=== Collected material ===
"""

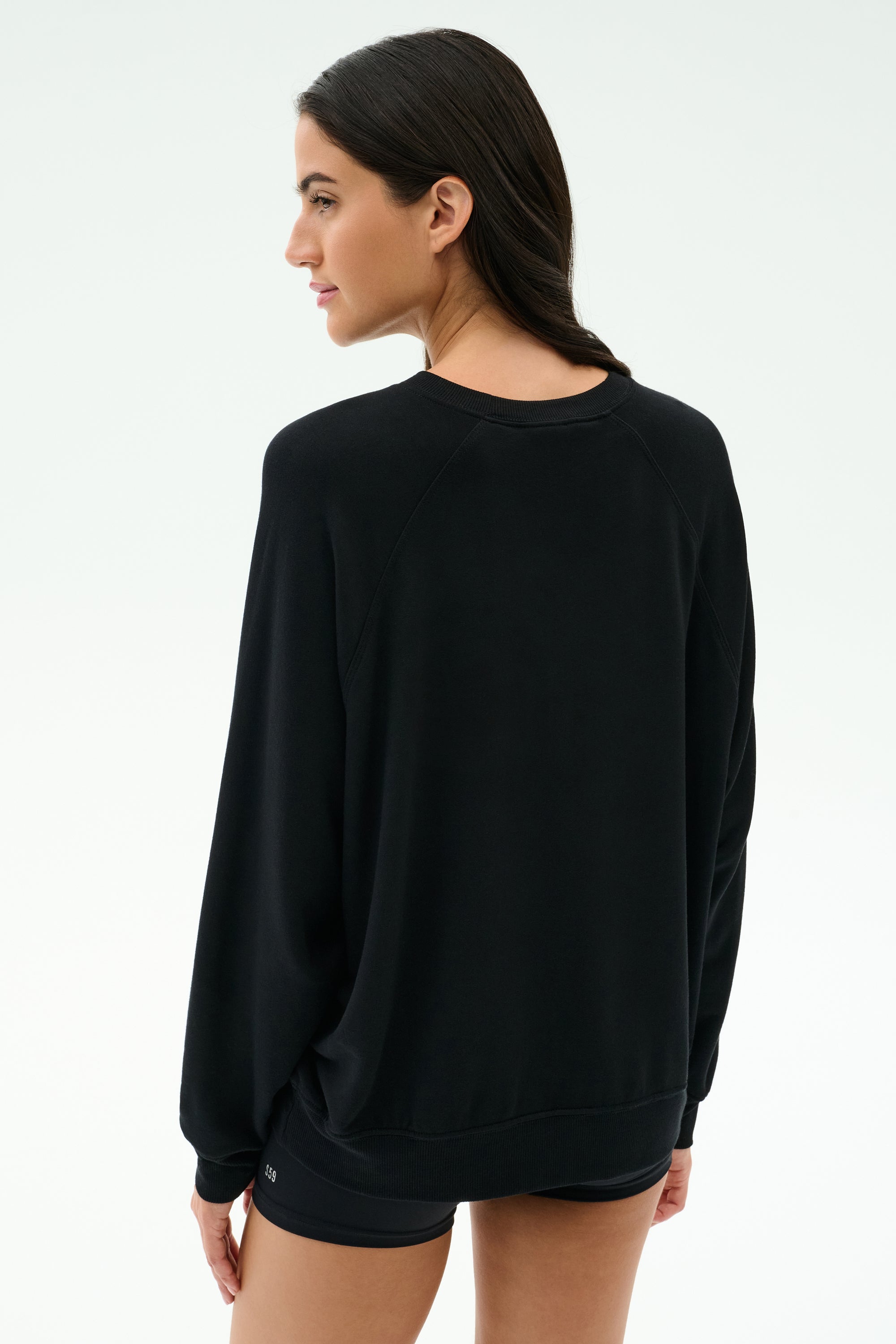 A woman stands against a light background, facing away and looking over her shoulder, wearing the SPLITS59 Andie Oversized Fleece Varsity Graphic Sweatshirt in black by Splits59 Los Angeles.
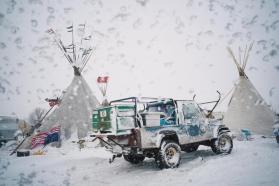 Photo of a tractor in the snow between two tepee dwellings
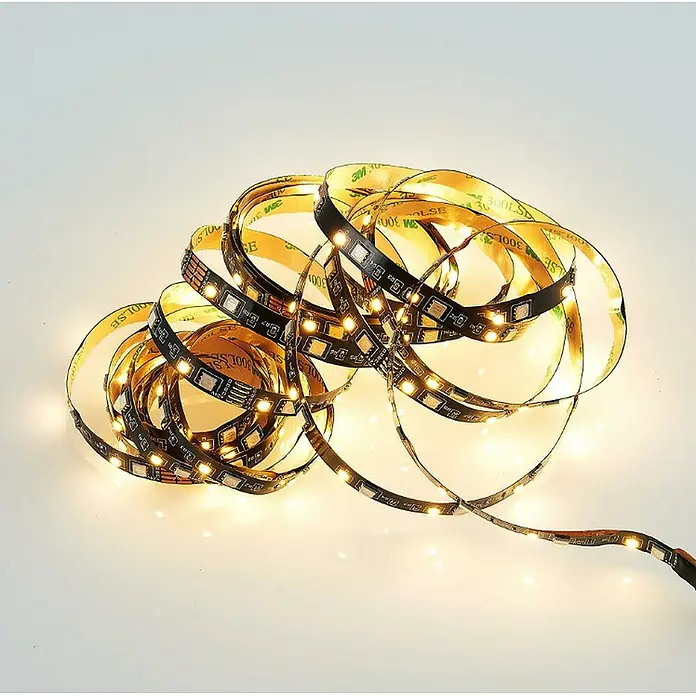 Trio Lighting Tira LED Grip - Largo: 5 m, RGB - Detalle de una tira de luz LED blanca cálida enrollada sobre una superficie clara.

"""

=== Activity ===
Please repeat everything in the data above except the pictures, exactly as it reads.

=== Response ===
 A woman stands against a light background, facing away and looking over her shoulder, wearing the SPLITS59 Andie Oversized Fleece Varsity Graphic Sweatshirt in black by Splits59 Los Angeles.
 Photo of a tractor in the snow between two tepee dwellings
 Trio Lighting Tira LED Grip - Largo: 5 m, RGB - Detalle de una tira de luz LED blanca cálida enrollada sobre una superficie clara.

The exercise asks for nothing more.